Maternal smoking during pregnancy is associated with multiple adverse outcomes, including increased perinatal mortality rate, premature labour, low birth weight and fetal growth restriction, and health effects that may extend into childhood1-4. Maternal smoking during pregnancy may also expose the foetus to tobacco specific carcinogens, such as 4-(methylnitrosamino)-1-(3-pyridyl)-1-butanol (NNAL) and pose a threat of cancer in the foetus and in the newborn’s future life; documented by NNAL in the urine of newborns of mothers who smoked, but not in the urine of neonates of non-smoking mothers5,6.
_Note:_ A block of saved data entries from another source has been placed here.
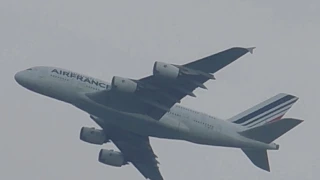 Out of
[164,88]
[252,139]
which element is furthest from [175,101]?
[252,139]

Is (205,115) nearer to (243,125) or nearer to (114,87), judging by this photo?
(243,125)

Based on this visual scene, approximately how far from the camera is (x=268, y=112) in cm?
7269

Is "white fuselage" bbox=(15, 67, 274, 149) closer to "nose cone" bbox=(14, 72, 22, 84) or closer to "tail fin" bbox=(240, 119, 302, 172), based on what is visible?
"nose cone" bbox=(14, 72, 22, 84)

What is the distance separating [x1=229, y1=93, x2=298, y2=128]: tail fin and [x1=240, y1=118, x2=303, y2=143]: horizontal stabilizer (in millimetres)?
3721

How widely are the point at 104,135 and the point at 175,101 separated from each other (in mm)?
9323

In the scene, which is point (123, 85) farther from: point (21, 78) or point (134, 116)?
point (21, 78)

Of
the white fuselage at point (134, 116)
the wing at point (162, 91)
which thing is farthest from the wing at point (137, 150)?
the wing at point (162, 91)

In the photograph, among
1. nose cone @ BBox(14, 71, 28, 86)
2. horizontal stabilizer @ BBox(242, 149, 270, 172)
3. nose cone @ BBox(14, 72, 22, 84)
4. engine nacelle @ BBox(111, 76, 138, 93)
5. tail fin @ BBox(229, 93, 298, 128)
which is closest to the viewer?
engine nacelle @ BBox(111, 76, 138, 93)

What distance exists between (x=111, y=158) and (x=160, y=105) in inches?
402

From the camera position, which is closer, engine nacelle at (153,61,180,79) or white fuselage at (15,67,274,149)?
engine nacelle at (153,61,180,79)

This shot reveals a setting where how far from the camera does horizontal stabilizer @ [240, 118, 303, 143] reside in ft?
212

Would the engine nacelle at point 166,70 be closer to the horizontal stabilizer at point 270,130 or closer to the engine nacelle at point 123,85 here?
the engine nacelle at point 123,85

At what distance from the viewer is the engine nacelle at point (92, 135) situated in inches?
2874

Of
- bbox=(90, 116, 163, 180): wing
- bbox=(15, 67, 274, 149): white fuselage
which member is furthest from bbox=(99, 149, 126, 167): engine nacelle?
bbox=(15, 67, 274, 149): white fuselage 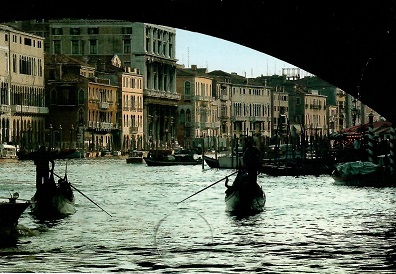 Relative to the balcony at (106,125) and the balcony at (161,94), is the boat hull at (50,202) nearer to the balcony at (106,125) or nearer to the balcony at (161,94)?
the balcony at (106,125)

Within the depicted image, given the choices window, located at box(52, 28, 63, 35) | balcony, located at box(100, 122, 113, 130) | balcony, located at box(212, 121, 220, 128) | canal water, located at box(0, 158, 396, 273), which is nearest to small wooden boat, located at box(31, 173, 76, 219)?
canal water, located at box(0, 158, 396, 273)

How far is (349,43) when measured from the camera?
1469 centimetres

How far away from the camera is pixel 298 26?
14281mm

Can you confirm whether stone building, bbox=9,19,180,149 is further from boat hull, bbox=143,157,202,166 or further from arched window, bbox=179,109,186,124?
boat hull, bbox=143,157,202,166

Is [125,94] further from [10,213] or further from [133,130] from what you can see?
[10,213]

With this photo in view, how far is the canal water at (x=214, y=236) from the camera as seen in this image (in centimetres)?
1338

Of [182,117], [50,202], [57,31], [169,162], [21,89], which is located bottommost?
[50,202]

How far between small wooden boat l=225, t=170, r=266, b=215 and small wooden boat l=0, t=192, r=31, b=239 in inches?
205

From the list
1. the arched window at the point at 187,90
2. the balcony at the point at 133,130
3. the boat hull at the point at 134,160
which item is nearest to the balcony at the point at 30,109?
the boat hull at the point at 134,160

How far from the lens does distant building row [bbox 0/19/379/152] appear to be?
6406cm

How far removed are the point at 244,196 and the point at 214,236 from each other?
2.97 metres

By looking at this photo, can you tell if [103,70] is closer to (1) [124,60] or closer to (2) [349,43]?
(1) [124,60]

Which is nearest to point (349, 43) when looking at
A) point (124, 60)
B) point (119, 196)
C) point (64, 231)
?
point (64, 231)

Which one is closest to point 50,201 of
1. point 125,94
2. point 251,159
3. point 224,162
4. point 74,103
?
point 251,159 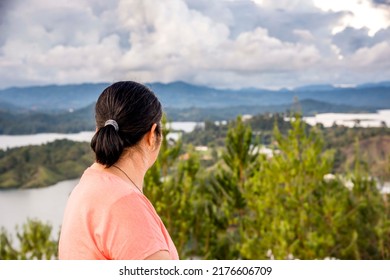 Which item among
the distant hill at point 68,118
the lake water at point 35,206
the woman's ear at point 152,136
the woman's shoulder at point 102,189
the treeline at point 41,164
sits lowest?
the lake water at point 35,206

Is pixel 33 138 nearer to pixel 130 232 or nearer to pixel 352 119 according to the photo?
pixel 352 119

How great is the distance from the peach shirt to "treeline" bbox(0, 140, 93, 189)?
4.16 metres

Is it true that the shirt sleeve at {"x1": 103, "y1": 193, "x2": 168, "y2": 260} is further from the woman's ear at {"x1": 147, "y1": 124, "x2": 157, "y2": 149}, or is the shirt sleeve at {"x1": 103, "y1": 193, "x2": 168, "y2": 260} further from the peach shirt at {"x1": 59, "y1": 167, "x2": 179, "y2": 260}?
the woman's ear at {"x1": 147, "y1": 124, "x2": 157, "y2": 149}

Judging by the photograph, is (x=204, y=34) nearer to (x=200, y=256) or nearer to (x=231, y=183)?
(x=231, y=183)

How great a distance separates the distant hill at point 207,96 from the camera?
570cm

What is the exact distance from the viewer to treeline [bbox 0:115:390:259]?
4777mm

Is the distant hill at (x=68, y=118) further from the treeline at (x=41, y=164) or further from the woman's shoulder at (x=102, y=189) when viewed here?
the woman's shoulder at (x=102, y=189)

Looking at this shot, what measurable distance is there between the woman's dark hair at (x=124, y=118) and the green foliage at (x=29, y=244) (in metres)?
4.53

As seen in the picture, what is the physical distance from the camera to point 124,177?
770 mm

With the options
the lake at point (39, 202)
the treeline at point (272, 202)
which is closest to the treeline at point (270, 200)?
the treeline at point (272, 202)

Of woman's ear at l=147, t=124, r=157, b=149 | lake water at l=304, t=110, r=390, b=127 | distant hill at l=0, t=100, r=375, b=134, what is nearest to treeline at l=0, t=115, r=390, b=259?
distant hill at l=0, t=100, r=375, b=134

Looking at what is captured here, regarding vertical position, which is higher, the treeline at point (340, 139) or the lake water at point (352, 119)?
the lake water at point (352, 119) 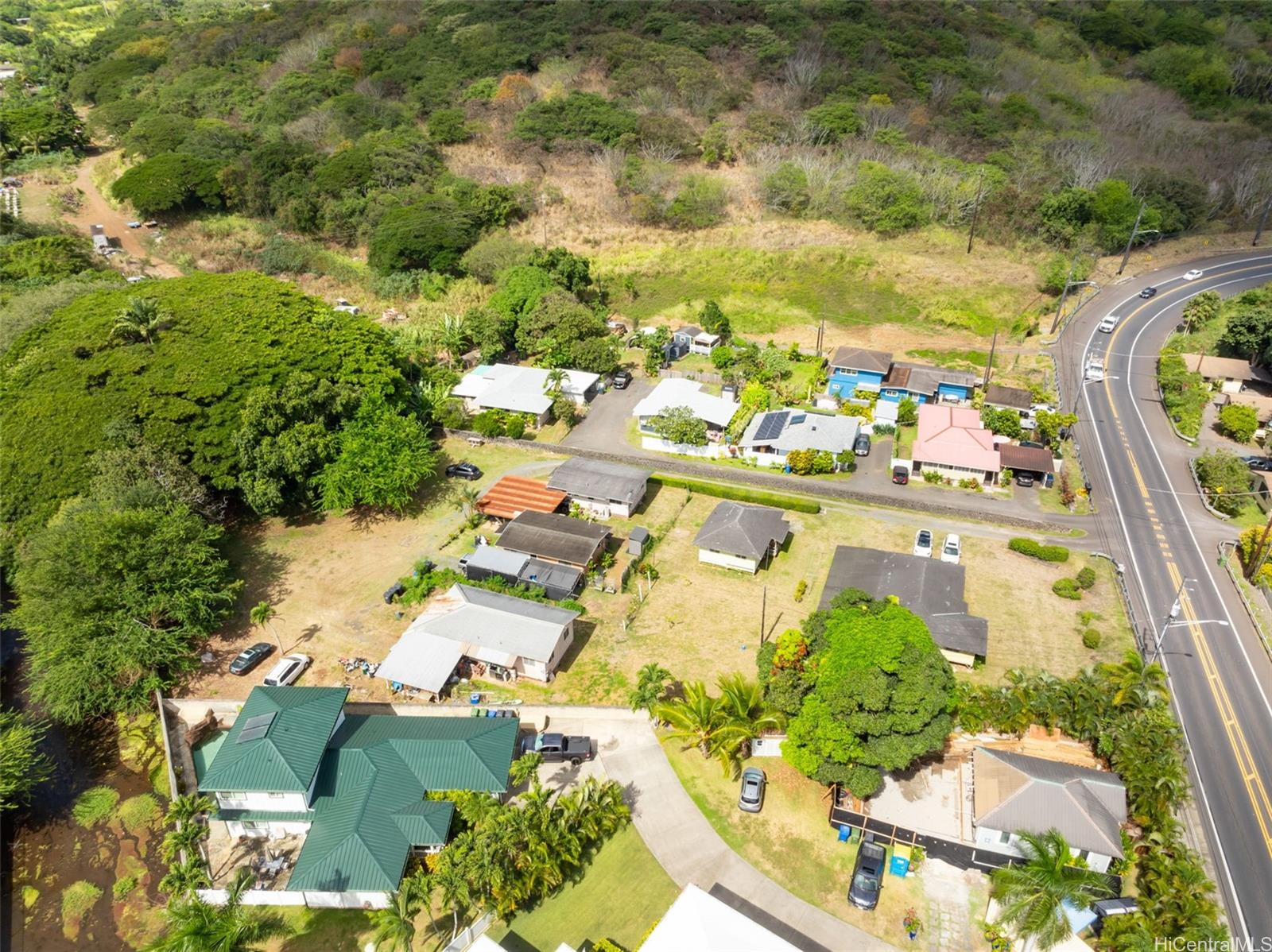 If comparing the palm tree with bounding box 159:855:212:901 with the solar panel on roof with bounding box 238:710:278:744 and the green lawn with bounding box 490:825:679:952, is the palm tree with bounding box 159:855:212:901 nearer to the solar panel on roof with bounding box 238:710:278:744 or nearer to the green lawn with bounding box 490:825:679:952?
the solar panel on roof with bounding box 238:710:278:744

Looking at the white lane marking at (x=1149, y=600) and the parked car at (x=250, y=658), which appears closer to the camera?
the white lane marking at (x=1149, y=600)

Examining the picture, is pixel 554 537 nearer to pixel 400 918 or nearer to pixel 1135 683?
pixel 400 918

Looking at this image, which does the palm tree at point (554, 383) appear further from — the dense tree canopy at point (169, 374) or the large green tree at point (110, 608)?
the large green tree at point (110, 608)

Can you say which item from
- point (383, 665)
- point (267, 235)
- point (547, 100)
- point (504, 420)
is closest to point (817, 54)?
point (547, 100)

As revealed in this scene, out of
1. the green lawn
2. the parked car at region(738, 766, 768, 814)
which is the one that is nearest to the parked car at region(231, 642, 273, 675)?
the green lawn

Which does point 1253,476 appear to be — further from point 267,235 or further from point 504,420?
point 267,235

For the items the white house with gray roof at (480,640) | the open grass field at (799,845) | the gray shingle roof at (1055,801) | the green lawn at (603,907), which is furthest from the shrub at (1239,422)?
the green lawn at (603,907)

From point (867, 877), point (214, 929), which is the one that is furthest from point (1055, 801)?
point (214, 929)

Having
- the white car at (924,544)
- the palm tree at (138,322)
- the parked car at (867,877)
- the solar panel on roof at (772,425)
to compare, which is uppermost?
the palm tree at (138,322) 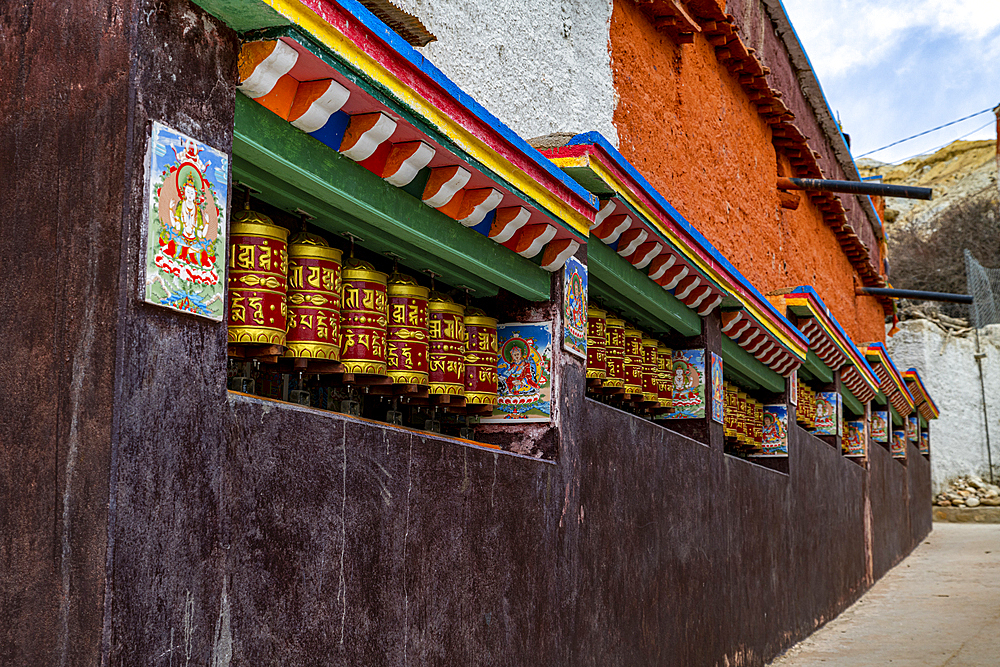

On the contrary, smoking cessation during early pregnancy may ameliorate the negative outcomes7-10. Smoking cessation during pregnancy is usually influenced by several factors that include personal, family, educational and social characteristics, such as age, educational level, employment, marital status, stress and the partner’s smoking status11-13. Therefore, smoking cessation in pregnancy is of significant importance, and the new social role as mothers, make pregnancy a ‘teachable moment’, as a women’s receptivity toward smoking cessation messages is increased14. To maximize the value of this ‘teachable moment’ it is important to provide expectant mothers with evidencebased smoking cessation interventions. Behavioural counselling delivered with sufficient intensity (minimum of 15 minutes) has been shown to significantly increase rates of smoking abstinence15,16. However, tobacco-use treatment is infrequently delivered in the obstetrics setting. Furthermore, no published studies have examined if cessation during pregnancy results in reduced concentrations of tobaccospecific carcinogens. As such, the purpose of the Maternal Smoking Cessation during Pregnancy (M-SCOPE) study was to assess if an intensive smoking cessation intervention for pregnant women increases: a) rates of smoking cessation, and b) reduces exposure to tobacco-specific carcinogens during pregnancy compared to a low intensity control group. Secondary exploratory outcomes included: birth outcomes (birth weight, prematurity of birth) and complications during pregnancy.

METHODS

Study design

The M-SCOPE study was a two-group, single blind, parallel randomized controlled trial (RCT) that compared a high intensity intervention to a low intensity control group among pregnant women recruited from two hospitals in Athens, Greece. Follow-up measurement occurred in week 32 of gestation. The complete study protocol, design and methodological approach are described in detail elsewhere17. Ethical approval was provided by the Biomedical Ethics Committee of the Faculty of Medicine of the National and Kapodistrian University of Athens (Protocol approval number: 4568/07-01-08) and the Ethics Committee of each participating hospital: Peripheral General Maternity Hospital ‘Elena Venizelos’ (Protocol approval number: 137/04-10-07) and the Maternity Unit of the ‘Attikon’ University Hospital in Athens (Protocol approval number: 287/30-07-09). The trial was registered on ClinicalTrials.gov (Identifier: NCT01210118).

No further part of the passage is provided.